The biggest lie depression ever told me was: My life will end in suicide, it’s just a matter of time.

And that lie became my truth, it became my identity, it was the root of so many other lies. It’s still a belief I very much struggle to let go of. For the last 10 years, I’ve believed that to be true. And I’ve lived my life like it was. I’ve never really cared about my future or thought about it. In my mind, I wouldn’t be alive for it anyway. I never set goals or had dreams; what was the point if I was going to die soon? Events I’d have to go to or things I’d have to do that I dreaded, I coped with by telling myself I wouldn’t be alive by the time they came around, so I didn’t have to worry.

In some ways, that protected me. There are times if I had one more thing I had to worry about, I would’ve been pushed over the edge. I know that belief thinks it’s keeping me safe. It’s a younger version of me, stuck inside my parent’s house, seeing suicide as the only escape, the only hope. It’s my inner child. No matter how far I’ve run, what I’ve self-medicated with, where I’ve looked for escape, that child has always stayed with me. And so has that belief.

But, my suicidal thoughts haven’t been as intense or frequent lately (and by that, I mean the last five or so days). To give some context, almost every day for the last 10 years I’ve lived with constant, severe suicidal thoughts. I’ve attempted suicide twice and come closer more times than I can count. I’ve spent most nights of my life just trying to convince myself to stay alive, telling myself there would be better days ahead and they were worth sticking around to see.

But now that these “better days” might be here, I’m more scared than ever. Depression is what I know. Suicidal thoughts are what I know. They’re reliable. I’ve always been able to count on them to be there. In many ways, I’ve let them become my identity. So, if they’re gone, who am I? Am I anyone? Is there anything else there? What if there isn’t?
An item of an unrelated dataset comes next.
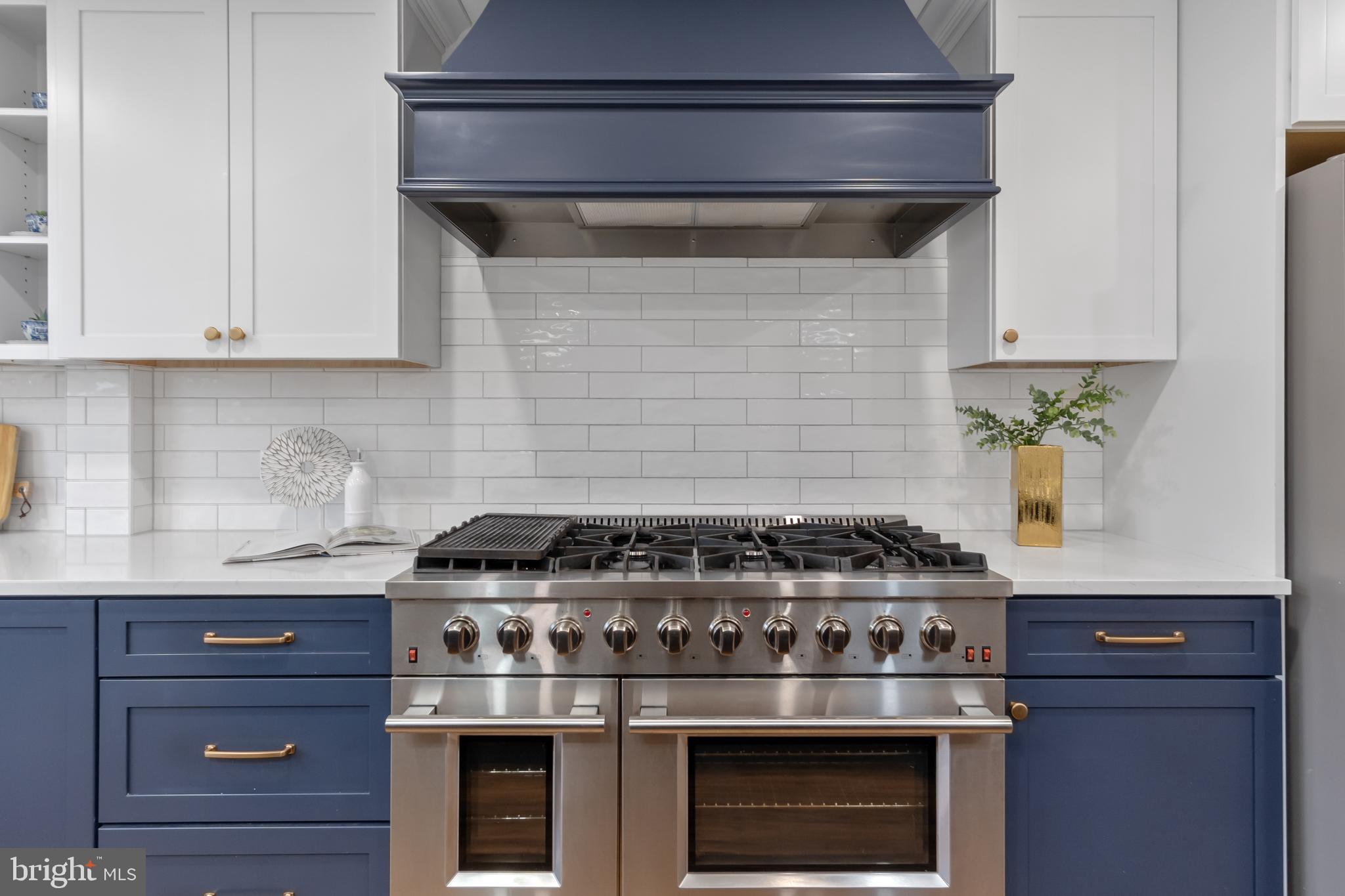 2730 Marker Road Middletown, MD 21769 - Photo 21 of 73 a stove top oven sitting inside of a kitchen and white cabinets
And even scarier than that, if that’s true, I finally have to let go of this deep-seated belief my life will end in suicide, and that it’s just a matter of time. Letting go of that means I have to think about my future — it means I have to believe I have a future. It opens me up to more heartache and hurt. I think that’s always been the scariest part — the inevitable trials and hurt that come with the future. I’m not scared of hurting, I’ve been hurting most of my life, but I’m scared of not knowing what it is. It’s an unknown hurt. And the unknown terrifies me.

Which, to bring full circle, is why I’m so scared my suicidal thoughts are finally lessening. They’re what I know. And I know how backward that seems, why would anyone choose suicidal thoughts over freedom and joy? All I can say is the familiar is a powerful thing. I know I’ve been praying for relief and a break from this for years. And now that it might finally be here, it’s like I’m pushing it away.

I don’t want to build a prison for myself. I don’t want to put chains back on that have already been broken. I know this is Jesus answering prayers, calling me into freedom and light. But stepping into that potential is scary. But I also know, not stepping into that should scare me. I wasn’t created to waft through life, just waiting for it to end. I wasn’t made to run circles around suicidal thoughts until I died. I was made to live. And I think it may finally be time to give that a try.